___ Working data
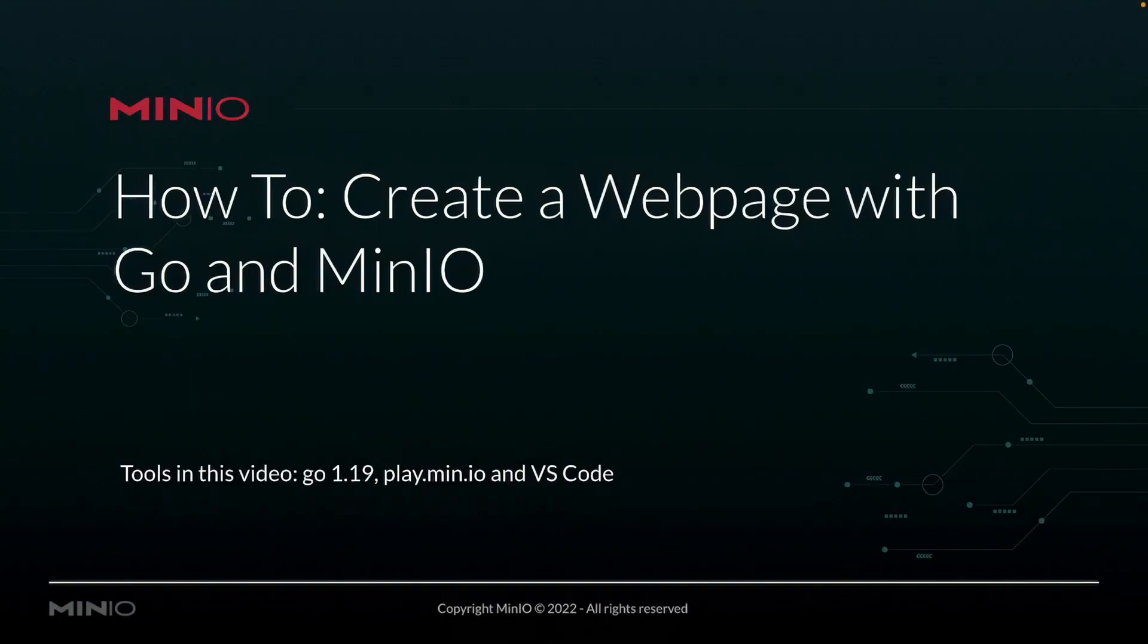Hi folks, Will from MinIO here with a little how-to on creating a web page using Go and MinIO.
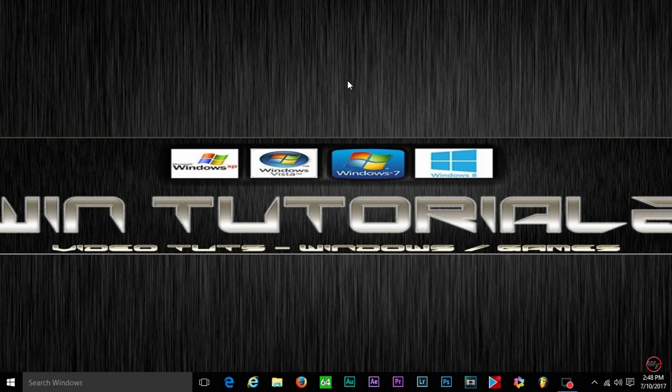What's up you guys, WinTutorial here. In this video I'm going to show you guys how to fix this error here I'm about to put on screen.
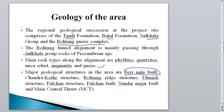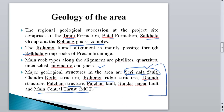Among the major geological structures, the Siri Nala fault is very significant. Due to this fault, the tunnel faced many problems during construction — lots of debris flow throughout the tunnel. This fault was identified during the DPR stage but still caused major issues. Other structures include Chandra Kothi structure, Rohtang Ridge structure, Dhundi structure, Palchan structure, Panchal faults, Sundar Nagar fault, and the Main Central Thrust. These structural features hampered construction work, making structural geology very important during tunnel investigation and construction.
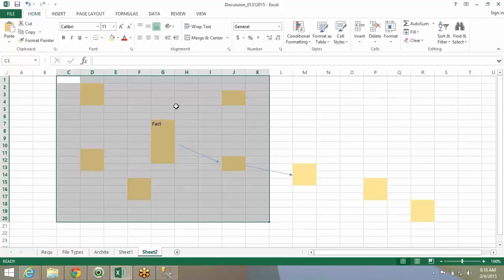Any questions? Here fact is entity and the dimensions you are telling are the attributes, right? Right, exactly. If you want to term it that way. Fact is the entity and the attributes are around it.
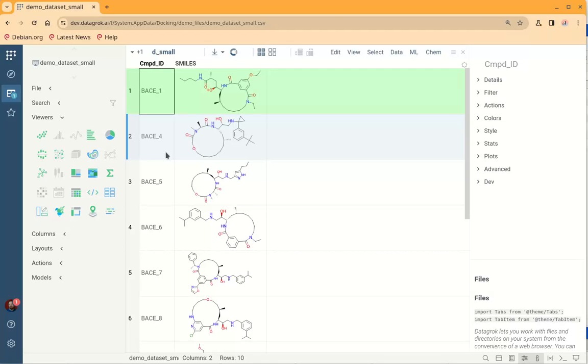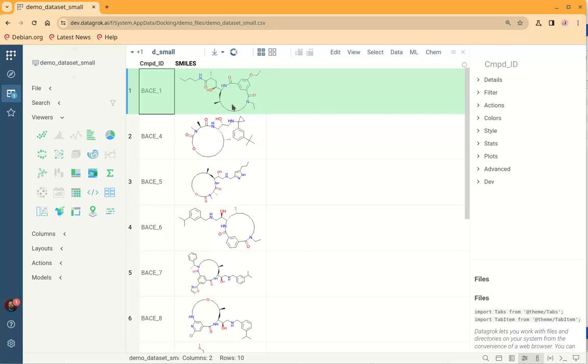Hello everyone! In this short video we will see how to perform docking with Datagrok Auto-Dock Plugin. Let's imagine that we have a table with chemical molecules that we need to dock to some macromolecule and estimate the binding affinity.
______
___ Working data
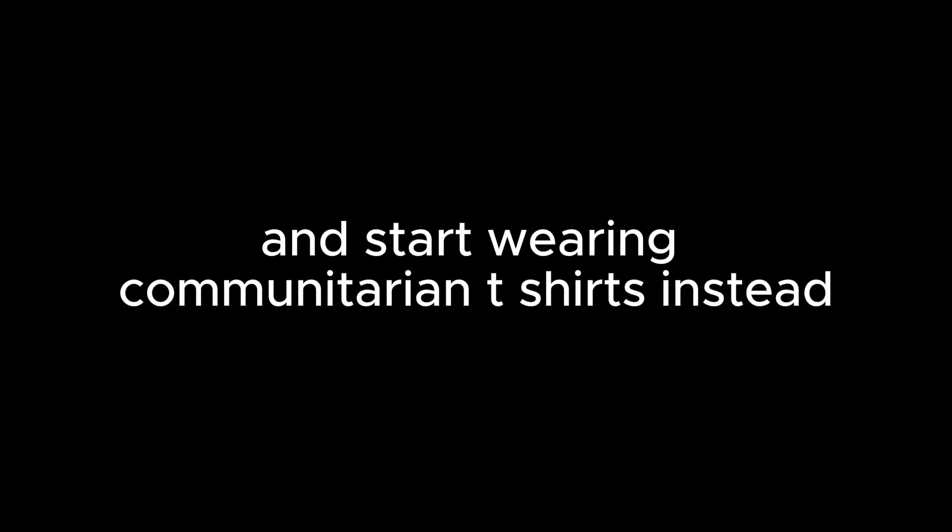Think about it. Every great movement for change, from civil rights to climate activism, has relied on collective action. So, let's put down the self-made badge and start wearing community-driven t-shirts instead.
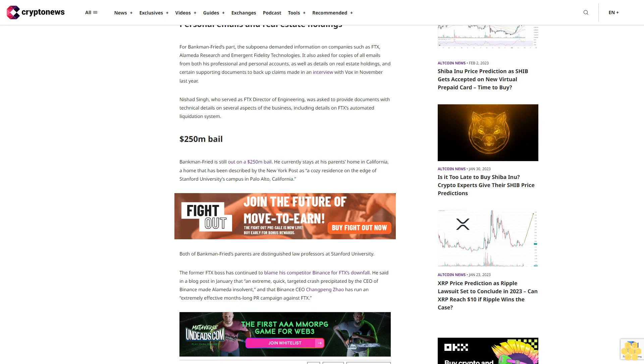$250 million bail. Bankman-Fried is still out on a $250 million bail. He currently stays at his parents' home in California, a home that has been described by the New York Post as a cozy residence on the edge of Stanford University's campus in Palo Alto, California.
______
Exercise:
Could you repeat, exactly, only the lines above starting at the one that has "Among the major" and stopping after the one that has "Any questions? Here", without the pictures?

Task solution:
Among the major geological structures, the Siri Nala fault is very significant. Due to this fault, the tunnel faced many problems during construction — lots of debris flow throughout the tunnel. This fault was identified during the DPR stage but still caused major issues. Other structures include Chandra Kothi structure, Rohtang Ridge structure, Dhundi structure, Palchan structure, Panchal faults, Sundar Nagar fault, and the Main Central Thrust. These structural features hampered construction work, making structural geology very important during tunnel investigation and construction.
Any questions? Here fact is entity and the dimensions you are telling are the attributes, right? Right, exactly. If you want to term it that way. Fact is the entity and the attributes are around it.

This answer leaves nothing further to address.